Learning to cook is like learning to pray

Written by Josiah Piett

I’ve been challenging myself to be a better cook. I am currently horrible at cooking, just ask my wife! To make progress, I needed to take this big goal and break it into smaller ones.

I began my journey by focusing on how to make one meal. I am not talking about Kraft Dinner but an actual good meal. Sloppy Joes are one of my favourite meals, so I asked Kara if I could start with that. She handed me the recipe, and I began to study it. The problem was, I have known for years that to become a better cook I needed to read recipes and start following them.

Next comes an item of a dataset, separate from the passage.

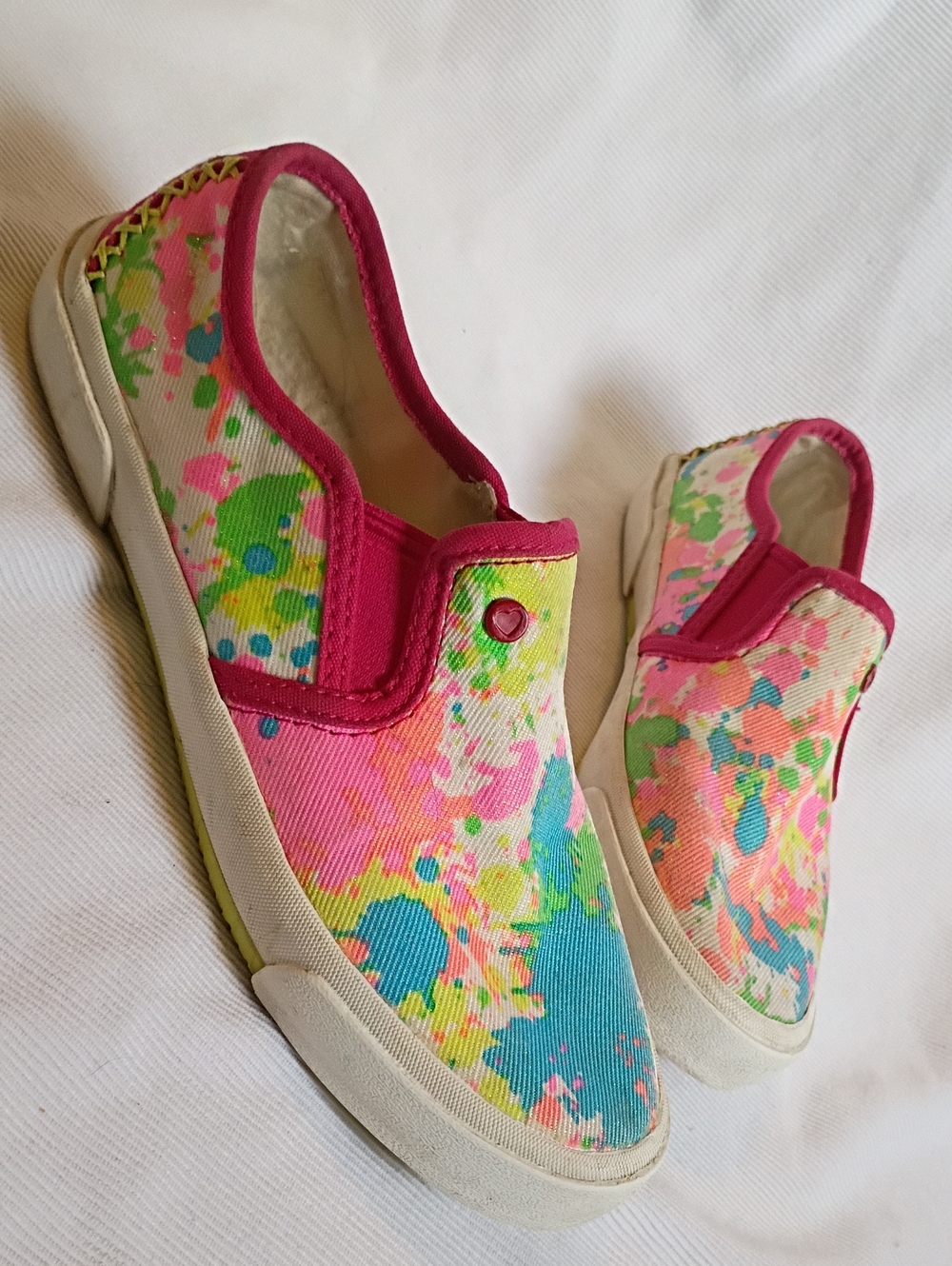 UGG Kids Slip-On Sneakers in Pink and Multicolor Splash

But I have never taken the time to do either of these things.

Two belief barriers were stopping me from stepping into the kitchen. One barrier was that I was afraid to mess up the meal and disappoint my wife. The other main fear was that I didn’t have the skills or knowledge to do it. Once I realized these barriers, I talked to Kara about them and then decided it was time to step into the kitchen.

Imagine you approached praying like I did cooking. You want to be better at praying. Well, for that to happen you need to start with a recipe. Just like there are different types of meals there are different types of prayers. For example:

Conversational prayers

These are prayers that are simply conversations between you and God. You share whatever is on your mind (good, bad, boring, etc.). These prayers are kind of like stews. They can be a mix of new ingredients and old meals put together. Stews are a great way to begin learning how to cook. There is nothing wrong with a good, hearty stew.

Contemplative prayers

If conversational prayers contain both speaking and listening, contemplative prayers are solely listening. In their basic form, you can start by focusing on a specific chapter or verse in the Bible and read/write/listen to it over and over for a set amount of time.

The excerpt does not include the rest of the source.